“The appeal filed by the defence was partially satisfied," the Kyiv court of appeals said on July 29, adding that Russian soldier "Vadim Shishimarin is sentenced to 15 years of imprisonment". Shishimarin, who was 21 at the time, was found guilty in May of war crimes for killing an unarmed civilian and handed a life sentence, in the first verdict of its kind after Russia's invasion.
The sergeant from Siberia had admitted to killing a 62-year-old civilian, Oleksandr Shelipov. Shishimarin claimed he shot Shelipov under pressure from another soldier, as they tried to retreat and escape back into Russia in a stolen car on February 28. His lawyer, Viktor Ovsyannikov, had vowed to appeal the verdict, arguing that “societal pressure” weighed on the decision.
Lawyer with a machine gun
We arranged an interview with Ovsyannikov immediately after the session in which the Kyiv appeals court commuted the sentence. A few days later, we met at the lawyer's office in a multi-storey building in a central district of the capital.
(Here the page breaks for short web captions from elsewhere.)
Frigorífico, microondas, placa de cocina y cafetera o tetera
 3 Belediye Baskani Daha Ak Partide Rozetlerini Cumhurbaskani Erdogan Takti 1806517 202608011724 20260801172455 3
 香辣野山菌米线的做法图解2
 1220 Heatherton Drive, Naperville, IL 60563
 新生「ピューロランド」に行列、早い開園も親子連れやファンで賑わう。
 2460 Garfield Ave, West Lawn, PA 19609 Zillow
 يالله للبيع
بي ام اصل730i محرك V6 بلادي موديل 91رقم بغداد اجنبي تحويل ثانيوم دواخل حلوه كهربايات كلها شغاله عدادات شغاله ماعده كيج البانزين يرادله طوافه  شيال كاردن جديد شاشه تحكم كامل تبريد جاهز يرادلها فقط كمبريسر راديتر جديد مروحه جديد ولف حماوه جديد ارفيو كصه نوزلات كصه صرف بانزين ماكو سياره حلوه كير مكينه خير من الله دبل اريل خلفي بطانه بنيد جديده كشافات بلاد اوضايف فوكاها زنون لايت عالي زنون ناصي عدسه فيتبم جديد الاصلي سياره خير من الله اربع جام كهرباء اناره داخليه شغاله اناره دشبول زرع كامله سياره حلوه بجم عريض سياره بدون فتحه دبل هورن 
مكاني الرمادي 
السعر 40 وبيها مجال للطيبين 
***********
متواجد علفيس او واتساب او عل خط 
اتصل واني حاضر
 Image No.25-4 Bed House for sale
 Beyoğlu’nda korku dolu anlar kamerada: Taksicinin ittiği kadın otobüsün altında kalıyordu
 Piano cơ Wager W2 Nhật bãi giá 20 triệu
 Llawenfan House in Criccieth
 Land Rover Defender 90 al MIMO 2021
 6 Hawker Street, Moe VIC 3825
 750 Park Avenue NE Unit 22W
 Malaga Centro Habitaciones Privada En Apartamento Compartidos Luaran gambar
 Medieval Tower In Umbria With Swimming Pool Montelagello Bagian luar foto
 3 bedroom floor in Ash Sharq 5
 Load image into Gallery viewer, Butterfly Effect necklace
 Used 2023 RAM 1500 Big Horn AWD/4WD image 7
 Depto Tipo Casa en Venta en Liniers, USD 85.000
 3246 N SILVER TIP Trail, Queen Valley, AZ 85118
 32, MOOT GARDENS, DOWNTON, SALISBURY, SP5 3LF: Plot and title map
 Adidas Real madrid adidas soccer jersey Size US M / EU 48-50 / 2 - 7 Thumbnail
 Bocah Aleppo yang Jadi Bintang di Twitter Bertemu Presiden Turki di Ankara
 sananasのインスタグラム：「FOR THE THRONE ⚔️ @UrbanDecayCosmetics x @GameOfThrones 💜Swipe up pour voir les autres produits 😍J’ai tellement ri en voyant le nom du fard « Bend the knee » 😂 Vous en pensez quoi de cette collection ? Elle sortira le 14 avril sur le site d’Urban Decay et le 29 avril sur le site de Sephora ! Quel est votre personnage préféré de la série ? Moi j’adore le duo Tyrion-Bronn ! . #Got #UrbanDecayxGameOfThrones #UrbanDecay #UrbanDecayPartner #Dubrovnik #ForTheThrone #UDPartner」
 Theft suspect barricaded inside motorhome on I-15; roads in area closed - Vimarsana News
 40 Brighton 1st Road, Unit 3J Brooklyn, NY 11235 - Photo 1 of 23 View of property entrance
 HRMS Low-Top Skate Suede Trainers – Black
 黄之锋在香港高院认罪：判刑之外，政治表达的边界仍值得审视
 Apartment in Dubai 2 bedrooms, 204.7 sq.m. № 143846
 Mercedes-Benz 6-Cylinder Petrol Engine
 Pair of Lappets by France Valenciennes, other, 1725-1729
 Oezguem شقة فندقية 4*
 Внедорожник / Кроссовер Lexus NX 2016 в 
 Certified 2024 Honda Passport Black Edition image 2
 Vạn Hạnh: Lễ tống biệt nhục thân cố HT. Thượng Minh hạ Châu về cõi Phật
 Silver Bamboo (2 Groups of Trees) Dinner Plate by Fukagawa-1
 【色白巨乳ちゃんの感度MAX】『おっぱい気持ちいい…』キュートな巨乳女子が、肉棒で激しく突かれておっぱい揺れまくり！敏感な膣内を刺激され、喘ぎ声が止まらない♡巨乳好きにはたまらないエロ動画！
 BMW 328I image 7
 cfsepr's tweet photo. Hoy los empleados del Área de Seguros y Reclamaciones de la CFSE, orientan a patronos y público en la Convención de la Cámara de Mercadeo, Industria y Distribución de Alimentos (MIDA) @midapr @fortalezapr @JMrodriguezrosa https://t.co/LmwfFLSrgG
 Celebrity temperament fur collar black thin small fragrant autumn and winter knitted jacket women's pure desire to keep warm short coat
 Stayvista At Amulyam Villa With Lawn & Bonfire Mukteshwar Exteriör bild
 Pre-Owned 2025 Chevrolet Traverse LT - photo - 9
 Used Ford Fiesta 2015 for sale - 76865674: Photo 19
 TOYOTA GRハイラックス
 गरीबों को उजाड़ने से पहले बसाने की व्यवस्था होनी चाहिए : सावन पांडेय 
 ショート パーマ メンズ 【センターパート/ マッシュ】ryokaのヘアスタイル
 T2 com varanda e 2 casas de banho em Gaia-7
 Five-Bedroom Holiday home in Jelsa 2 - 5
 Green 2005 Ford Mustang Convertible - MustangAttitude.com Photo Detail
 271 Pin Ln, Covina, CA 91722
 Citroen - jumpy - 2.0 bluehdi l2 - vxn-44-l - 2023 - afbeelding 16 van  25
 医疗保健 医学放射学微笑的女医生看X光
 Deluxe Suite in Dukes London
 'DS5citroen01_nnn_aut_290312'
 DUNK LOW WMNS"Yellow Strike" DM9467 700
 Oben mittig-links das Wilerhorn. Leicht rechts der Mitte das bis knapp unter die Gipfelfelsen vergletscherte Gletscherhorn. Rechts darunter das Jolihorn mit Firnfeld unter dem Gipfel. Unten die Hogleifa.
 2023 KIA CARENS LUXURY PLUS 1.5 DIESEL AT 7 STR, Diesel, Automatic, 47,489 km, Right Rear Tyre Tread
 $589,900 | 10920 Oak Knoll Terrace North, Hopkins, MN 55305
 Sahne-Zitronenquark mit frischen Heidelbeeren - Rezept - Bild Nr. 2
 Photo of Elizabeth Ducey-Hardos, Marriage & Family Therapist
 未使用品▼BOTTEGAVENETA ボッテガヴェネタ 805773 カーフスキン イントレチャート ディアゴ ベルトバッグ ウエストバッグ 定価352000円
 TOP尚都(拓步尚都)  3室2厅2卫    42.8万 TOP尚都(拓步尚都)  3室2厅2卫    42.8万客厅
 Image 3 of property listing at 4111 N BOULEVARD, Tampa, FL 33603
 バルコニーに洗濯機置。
Ovsyannikov, like most Ukrainians, recalls February 24 very well. "My wife got me out of bed at half past four... On the 25th I wrote an application asking to be mobilised. I was lucky to have enough small arms. They formed a unit of us and put us at checkpoints in Kyiv."
But soon, he had to return to his professional activities. In March, the SBU [Security Service of Ukraine, main intelligence agency of Ukraine] started identifying traitors, spies and looters. There were few lawyers in Kyiv at the time. Ovsyannikov started getting calls for cases where a defence counsel was needed at state expense.
Despite martial law, the obligation to have a lawyer remained. He accepted a power of attorney from the Legal Aid Centre and got back to work. "So, one day, I checked out from my checkpoint and left for the detention centre. I visited my client in uniform and said: ‘I'm a lawyer’. I still had a machine gun hanging on my shoulder," he recalls.
Russian servicemen captured and exchanged
Shishimarin was not the first Russian soldier he had to represent this spring. “There were Russian servicemen who were captured in the Kyiv region, charged for illegal border crossing, infringements on territorial integrity - non-violent acts. Promptly the cases were closed, because they were prisoners of war, and they were exchanged," the lawyer says.
In March, the courts in Kyiv were not working. The prosecutors took only precautionary measures, he says. They held a session in an office with a suspect, a lawyer, a prosecutor and a higher prosecutor, who listened to the parties and made a decision instead of a judge.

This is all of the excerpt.